▶ **Material shown**

[Start of Attachment]

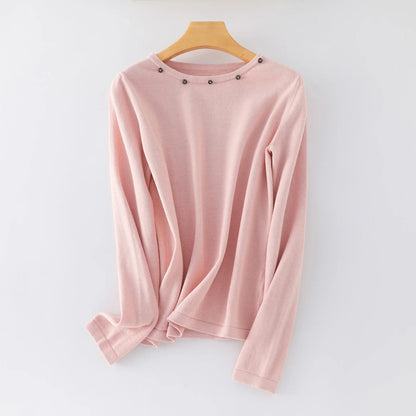 Damen Langarmshirt mit Rundhalsausschnitt und Zierknöpfen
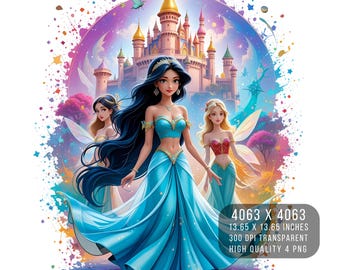 May include: A digital illustration of three women in front of a pink and blue castle. The woman in the center is wearing a blue dress and has long black hair. The women on either side are wearing white dresses and have long brown hair. The castle is surrounded by a pink and blue sky with stars.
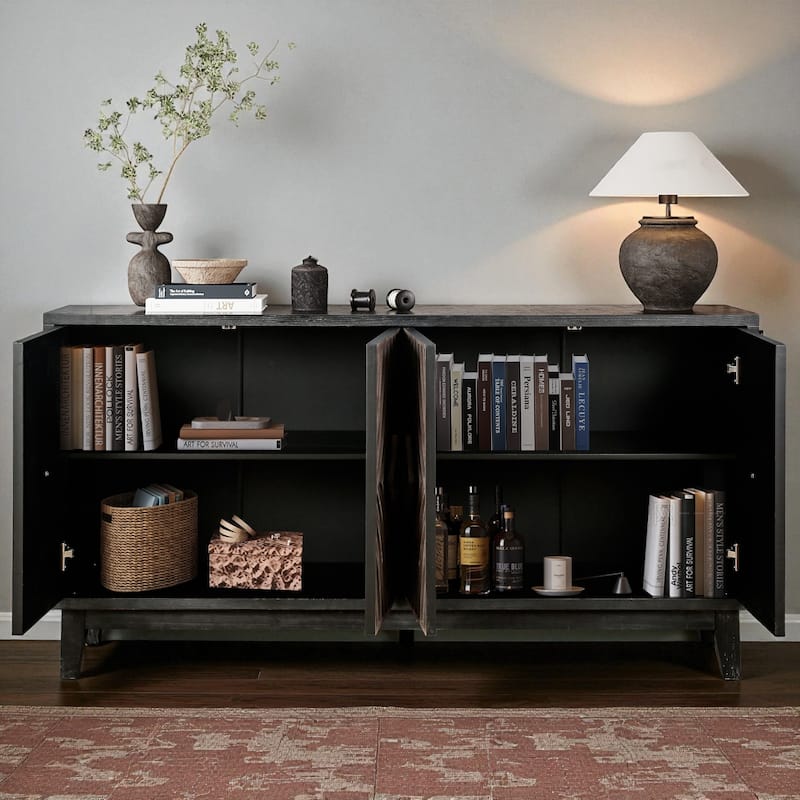 60" Mid Century Modern Sideboard Buffet Cabinet with Diamond Pattern Doors, Solid Wood Legs, Storage Credenza for Living Room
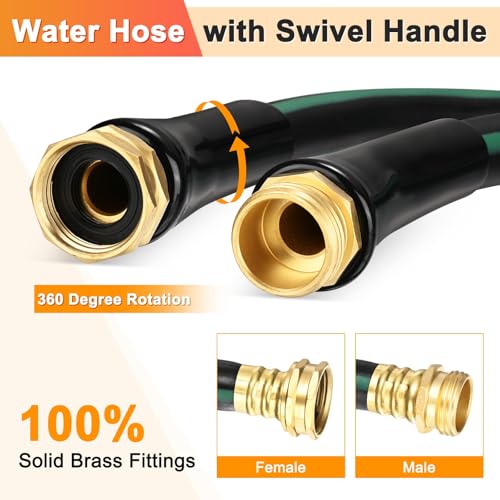 M METERXITY Garden Hose 5/8 Inch x 8 FT, Flexible PVC Leader Hose, Leakproof Water Hose with Swivel Handle, Male to Female Fittings, Burst 600 PSI [Black Green] - size: 8 FT, style: Male to Female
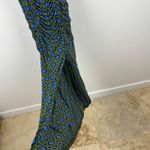 Free People Brielle Midi Dress Mesh Ruched Side Slit Blue Green Printed M NWT Photo 5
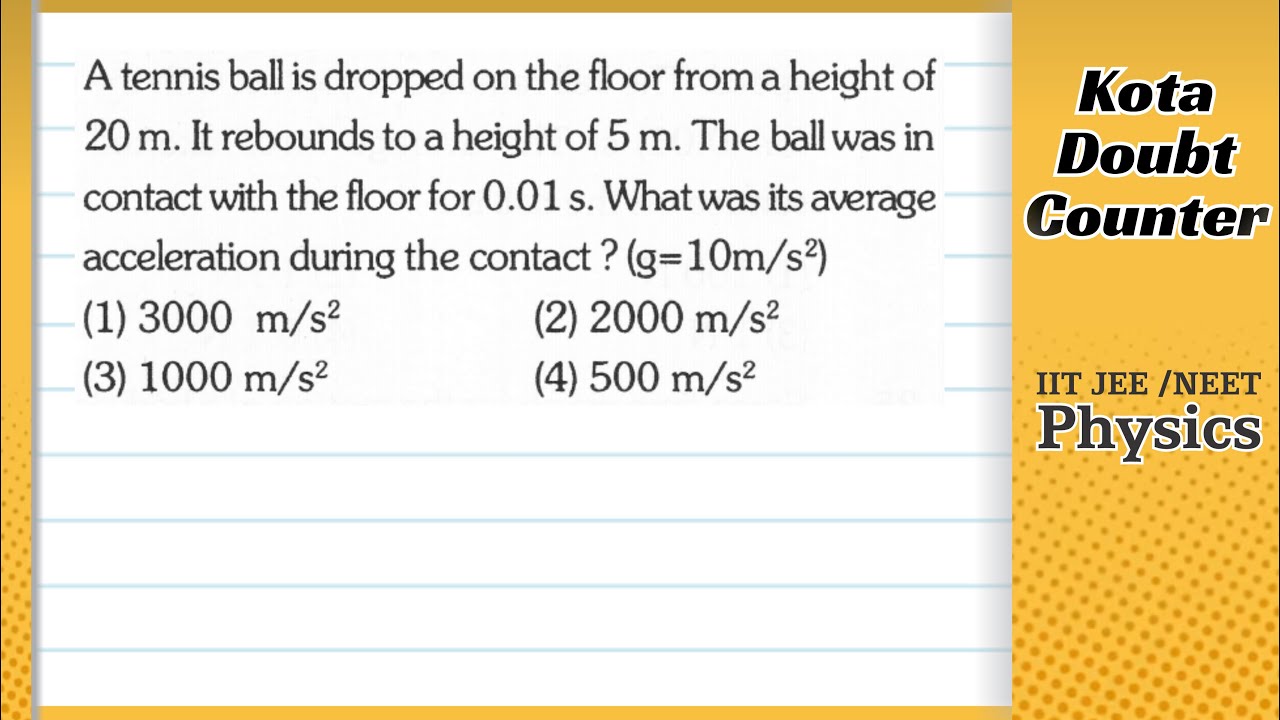 A tennis ball is dropped on the floor from a height of 20 m. It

[End of Attachment]

▶ **Work required**
Your answer should hold only the lines from the line with "May include: A" through the closing line of the records, restated exactly and free of pictures.

▶ **The answer**
 May include: A digital illustration of three women in front of a pink and blue castle. The woman in the center is wearing a blue dress and has long black hair. The women on either side are wearing white dresses and have long brown hair. The castle is surrounded by a pink and blue sky with stars.
 60" Mid Century Modern Sideboard Buffet Cabinet with Diamond Pattern Doors, Solid Wood Legs, Storage Credenza for Living Room
 M METERXITY Garden Hose 5/8 Inch x 8 FT, Flexible PVC Leader Hose, Leakproof Water Hose with Swivel Handle, Male to Female Fittings, Burst 600 PSI [Black Green] - size: 8 FT, style: Male to Female
 Free People Brielle Midi Dress Mesh Ruched Side Slit Blue Green Printed M NWT Photo 5
 A tennis ball is dropped on the floor from a height of 20 m. It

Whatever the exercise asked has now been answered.